[Opening Dataset content section]
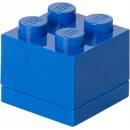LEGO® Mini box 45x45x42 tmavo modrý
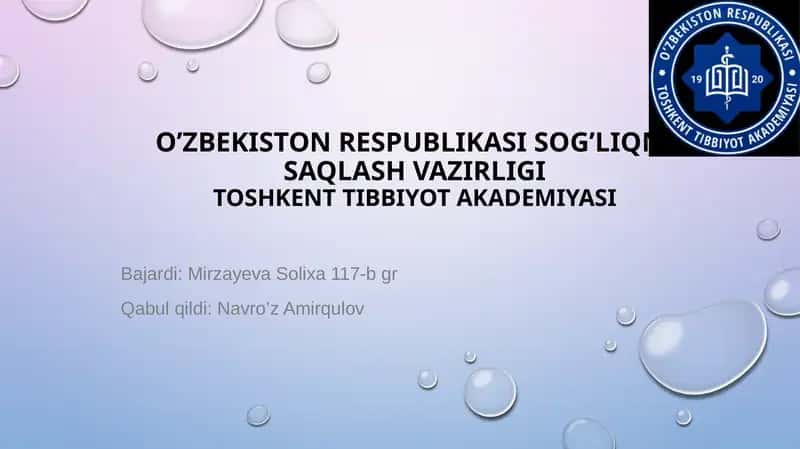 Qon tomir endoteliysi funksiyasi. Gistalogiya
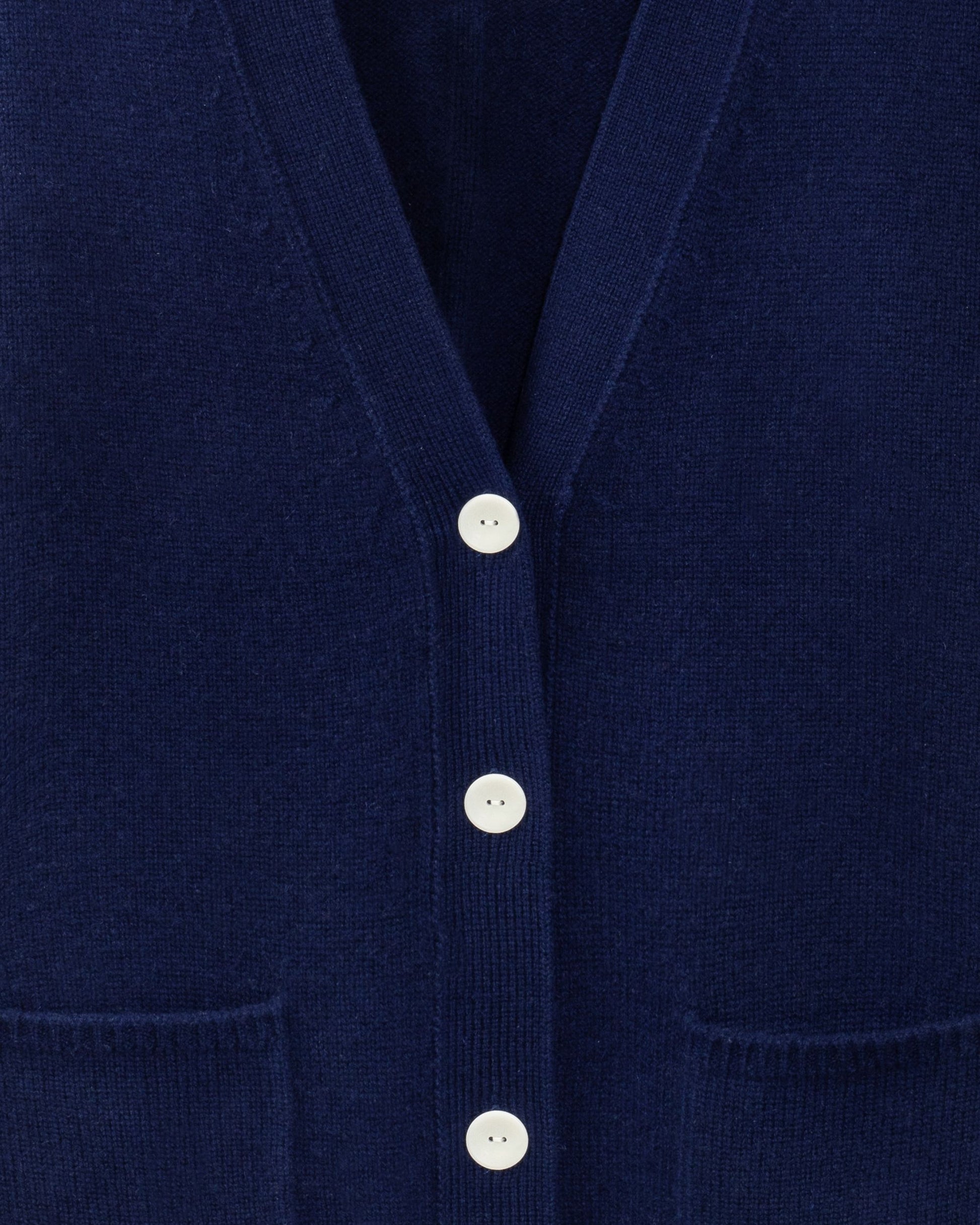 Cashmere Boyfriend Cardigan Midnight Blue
[Closing Dataset content section]
■ **Exercise goal**:
Your copy of the data should match it exactly, apart from the images, which are omitted.

■ **Reply**:
LEGO® Mini box 45x45x42 tmavo modrý
 Qon tomir endoteliysi funksiyasi. Gistalogiya
 Cashmere Boyfriend Cardigan Midnight Blue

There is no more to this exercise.